TCR: In your memoir, you wrote that “Books were my obsession, but music more succinctly captured emotion than any combination of words I found.” Do you listen to music when you write? Are there certain artists or albums that you listen to, to evoke a certain era or emotions when you’re writing a given topic?

MF: I do. I almost always listen to music when I write. Usually, I’ll find a handful of songs whose emotional tenor really matches that of the piece I’m working on, and then I’ll listen to them over and over for the duration of writing it. Sometimes, for an important scene, I’ll just play one song on repeat while I write it. The music works as a kind of emotional metronome, and helps me stay focused on the feeling that I’d trying to nail. It also helps me to easily re-enter the piece, or the scene, on a different day, or on an airplane, or in a café or a waiting room. Music helps me create a private space that I can enter and work, no matter where I am.

TCR: As a writer, writing her life experience, how do you maintain the emotional distance required for you to sustain objectivity of your subject matter?

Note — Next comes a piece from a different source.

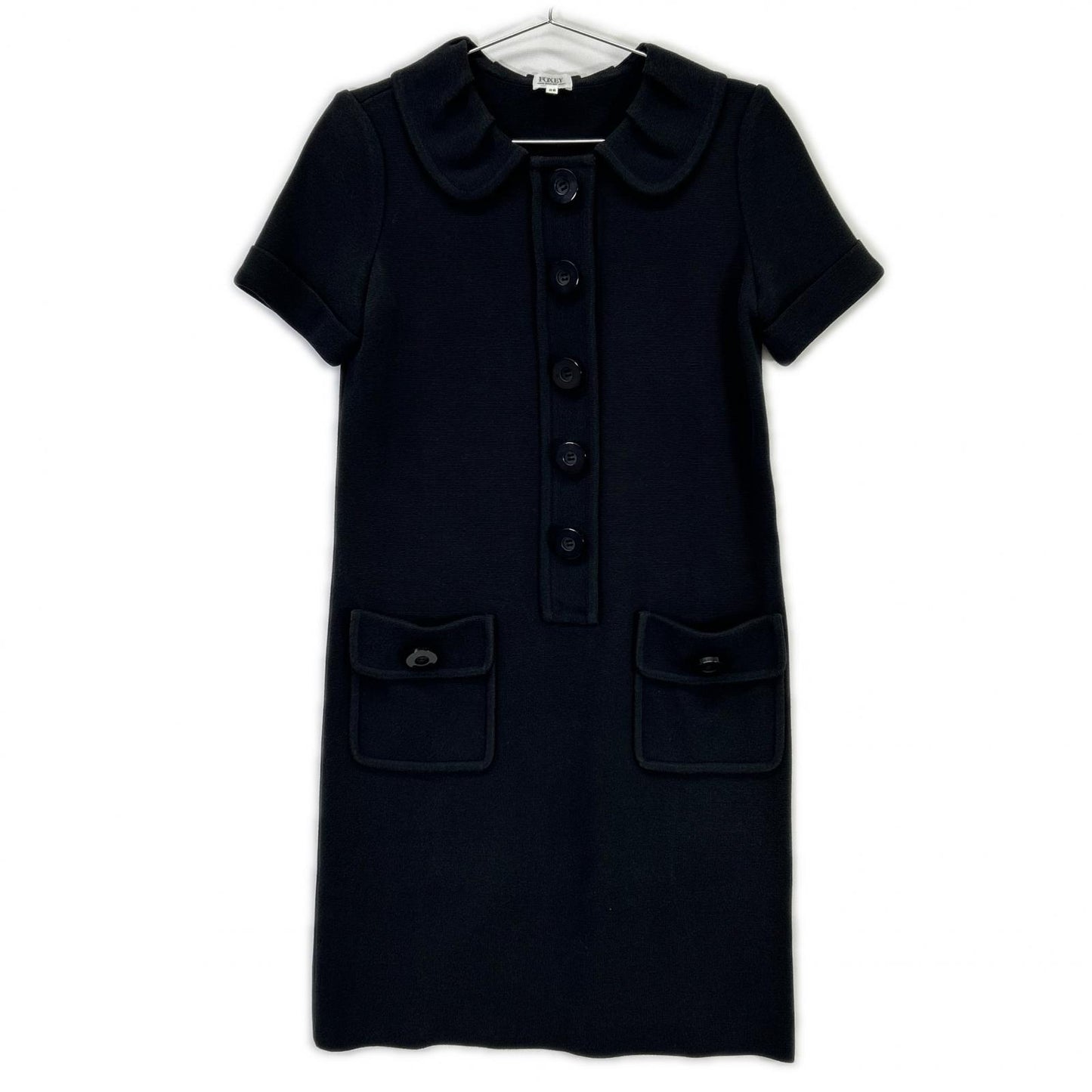 FOXEY BOUTIQUE Foxey Boutique 23537 Black Round Collar Button-Down Short-Sleeved Knit Dress Dress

MF: Oh, I don’t think I do. Objectivity is a fantasy! No one is ever objective, least of all about themselves. And in a significant way, I didn’t have much emotional distance from my subject matter, either. One of the primary storylines in the book is that of an intense love affair, and I wrote the majority of the book while I was still in that relationship. I consider this now, in hindsight, and it shocks me a little. Because I, too, have talked about the importance of objectivity and emotional distance to my students, as surely your teachers have. But I also know that this was the only way for me to write this book.

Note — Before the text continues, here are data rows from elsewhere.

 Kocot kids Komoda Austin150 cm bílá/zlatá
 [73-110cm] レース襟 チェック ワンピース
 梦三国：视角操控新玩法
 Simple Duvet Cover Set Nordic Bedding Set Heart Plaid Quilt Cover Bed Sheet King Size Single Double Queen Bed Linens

I think part of what we mean when we say “objectivity” and “emotional distance” is simply that our perspective has changed in some fundamental way. And sometimes that change can happen very close to an experience. It keeps changing, yes. And I’m sure I could write the story of that relationship with a more layered perspective from a farther vantage point. But that is not the book I wrote. And it isn’t the story I wanted to tell, either. I wanted that story to be primarily concerned with the immediacy of it all—I wanted to capture the blistering heat of it, the madness, the small ways that I abandoned myself over and over until the only thing left in my life was her. In a pragmatic way, I needed to be close to the experience so that I could remember it. I have a terrible memory! I take notes on everything I might write about, because I so quickly forget.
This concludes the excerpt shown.